I figured why track the fluff and buff shit I am doing?

Boy, I was wrong because my training has gone nowhere. I don’t need a journal to know that I can’t just wing it. I need a plan.

Now, many of you may train with no plan, you just pick an exercise and smash it; but I feel you probably still could keep a journal with some basic info.


Your memory lies to you sometimes. Everyone remembers that time in 1987 when the benched 595 with 2 Blue Bands for a double.


So, whether you train on a plan, make it up as you go along or have a coach, I’m going to give you 4 Tips on Keeping a Training Journal.

Strength Training Journal Tip 1:

Use a paper notebook and a pen.

You all know I hate having a phone in the gym. It is a distraction.

Use an old school notebook and a pen and later on, transfer your data to a spreadsheet or program if you want.

Keep distractions to a minimum in the gym.

Strength Training Journal Tip 2:

Track the minimum data at the least.

The minimum data is:

  • Your Primary Movement for the Day
  • Name of exercise
  • Top weight lifted
  • Number of reps

Doing this will allow you to keep track of PRs’.

Strength Training Journal Tip 3:

Keep a Chart in the Front or Back of the Book.

The chart is best kept for the major exercises. For most of you it is it the Squat, Bench and Deadlift.

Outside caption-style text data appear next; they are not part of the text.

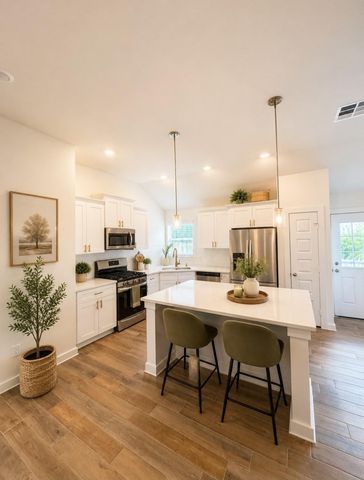 411 Zeus Mountains Dr Drive, Crosby, TX 77532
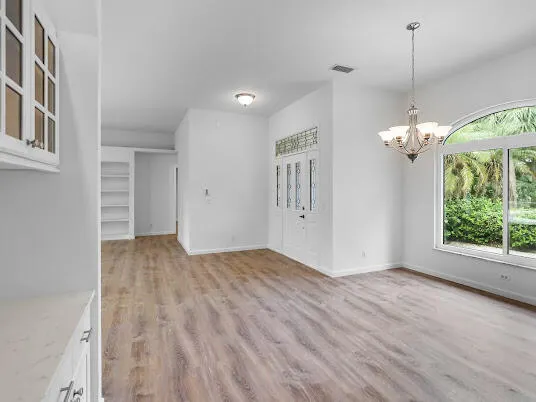 470 SW Sanctuary Place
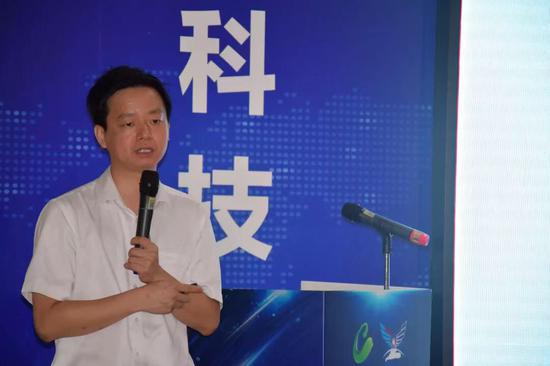 工商银行中山分行普惠金融部总经理史卫东讲解双创大赛服务方案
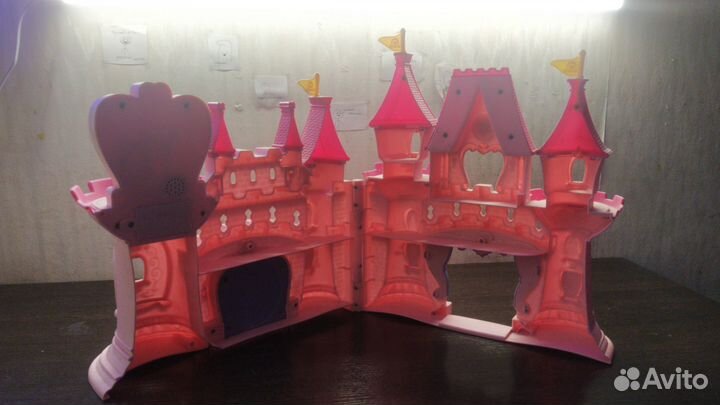 Детский замок для игр
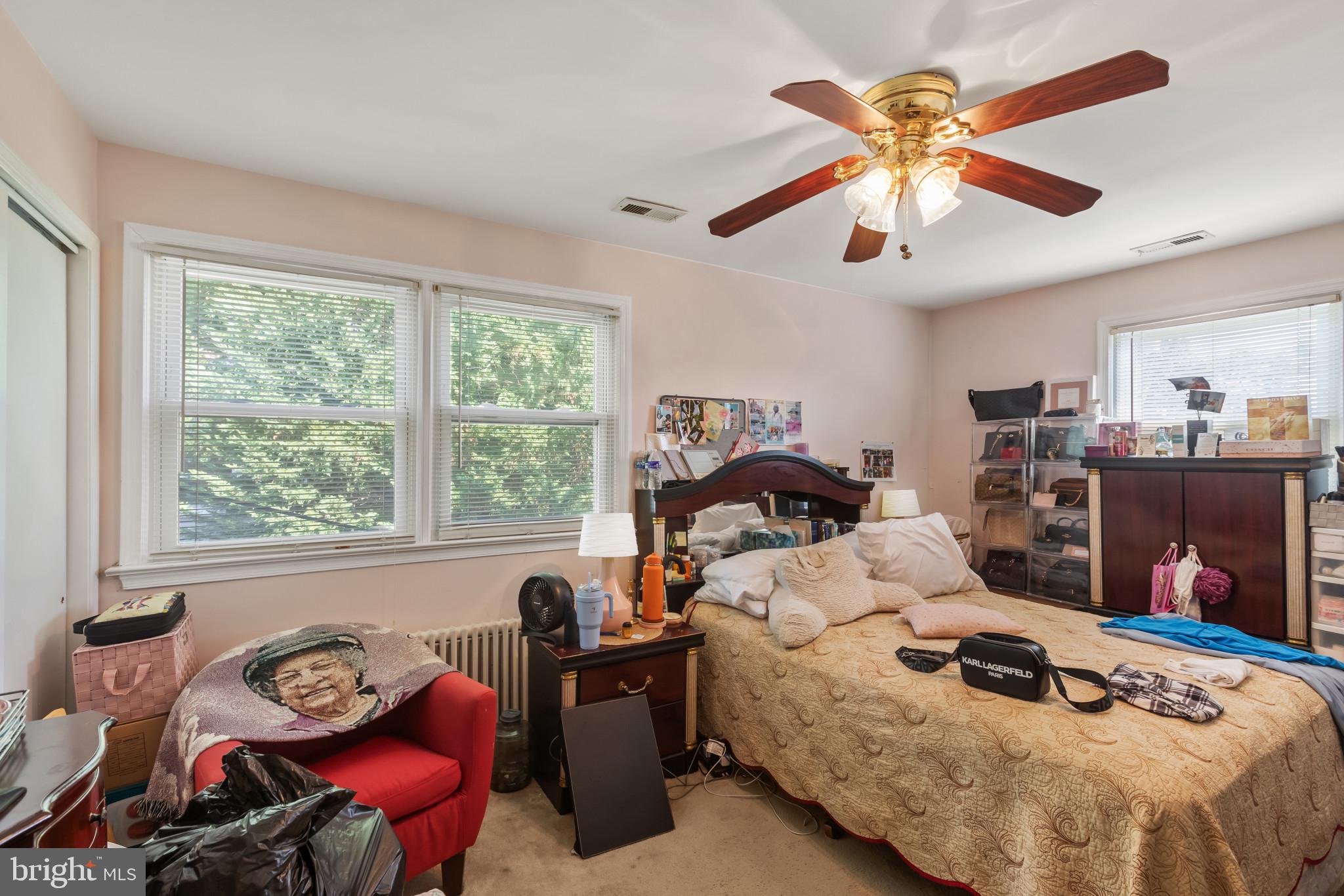 WOODLAWN HEIGHTS - Residential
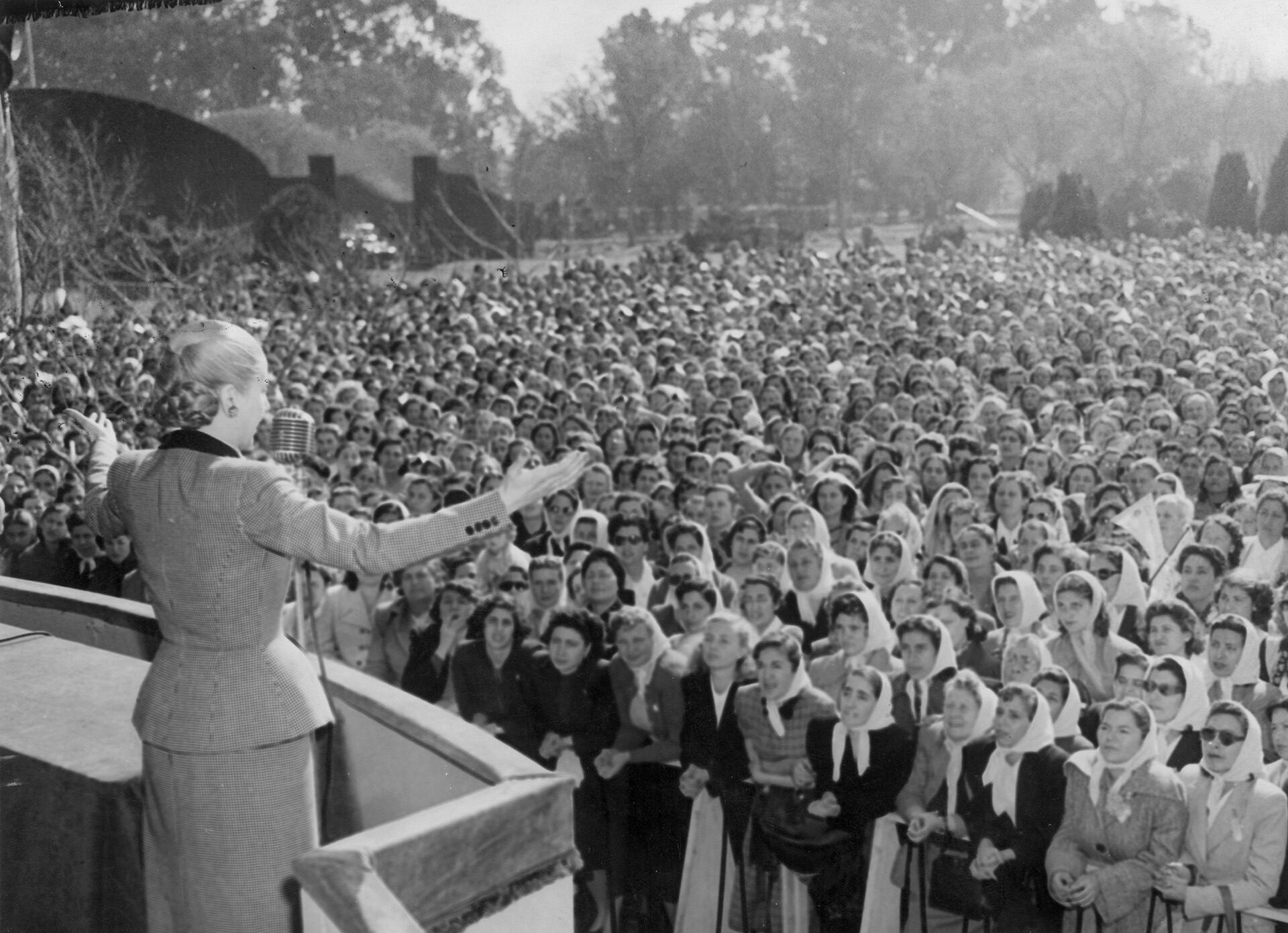 Acto de mujeres peronistas, presidido por Eva Perón. Fue el 24 de agosto de 1951 y ellas se aprestaban a votar por primera vez (Hulton Archive/Getty Images)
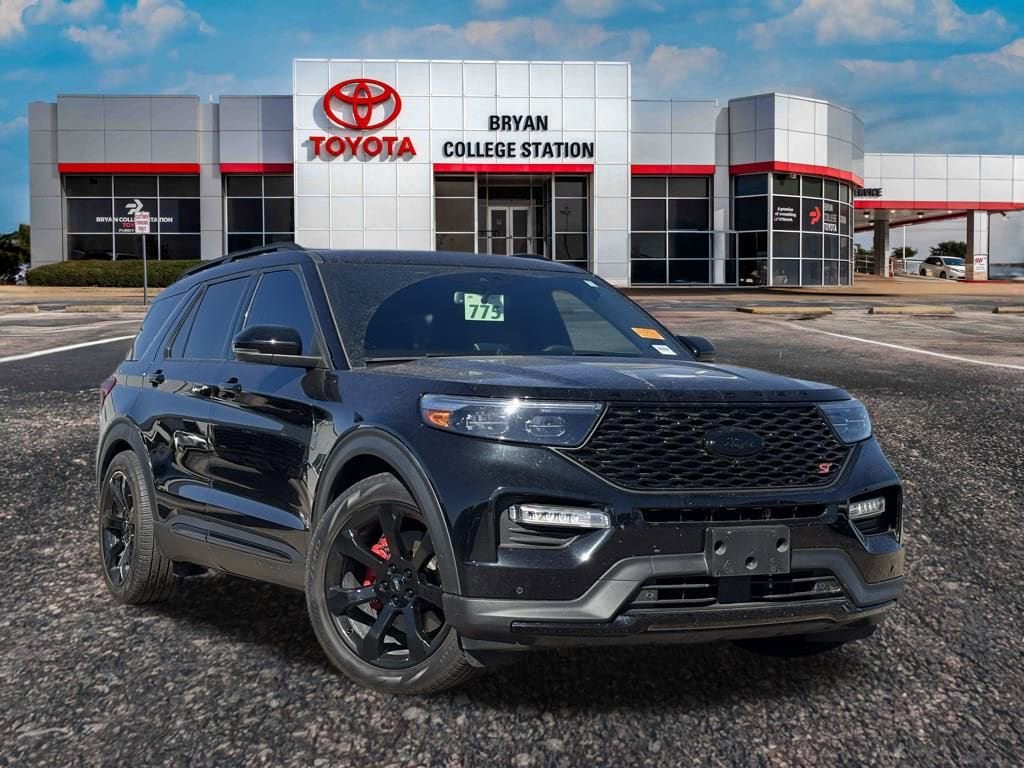 Used 2023 Ford Explorer ST SUV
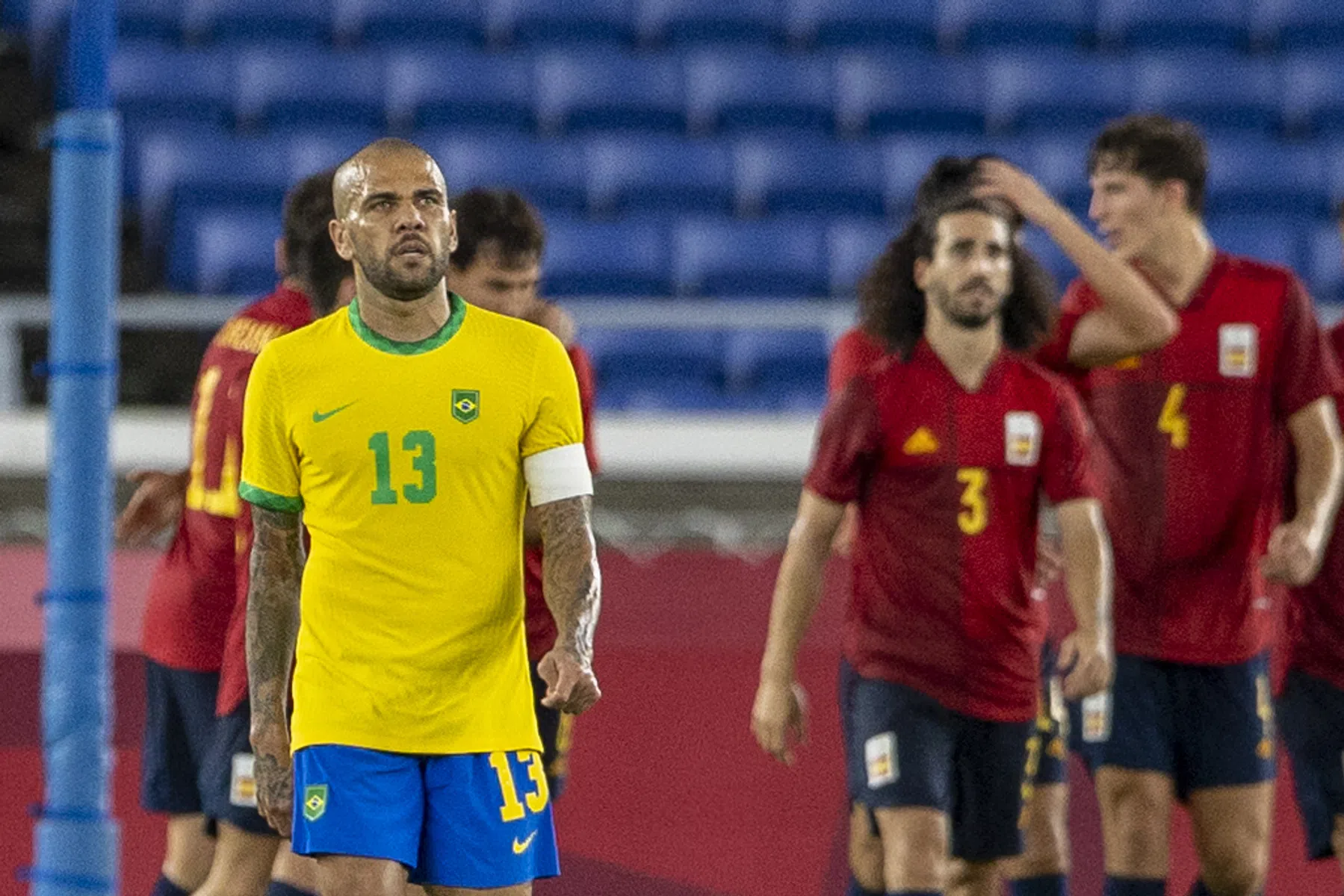 Antony met Brazilië naar WK, 39-jarige Alves slaagt in missie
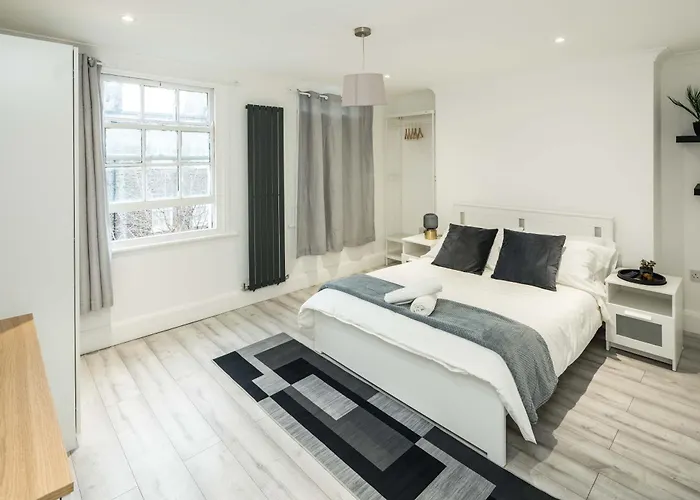 Modern 2Br Flat - 7 Min To Whitechapel Station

If you train Strongman, add in the major events, and if you are a Weightlifter, track your Clean and Jerk, Snatch, Power Snatch, Push Press and whatever other MAJOR lifts you do.

Let’s stick with the Squat, Bench and Deadlift for illustrative purposes.

Create a chart with 3 columns and list the exercises you use for Max Effort, or as your staples if you don’t do Max Effort.

It should have the name of the exercise, the amount lifted and the reps if you are not doing Max Effort, and only PR’s are on it.

It would look something like this:

Raw Squat 500 Box Squat 515 2 Count Paused Squat 455 Squat with Light Band 485    Bench 315 Floor Press 295 x 3 1 Board 325  Deadlift 500 1” Deficit Deadlift 485 Deadlift with Mini Band 495

You can add as many exercises as you use and add new PR’s in as you hit them.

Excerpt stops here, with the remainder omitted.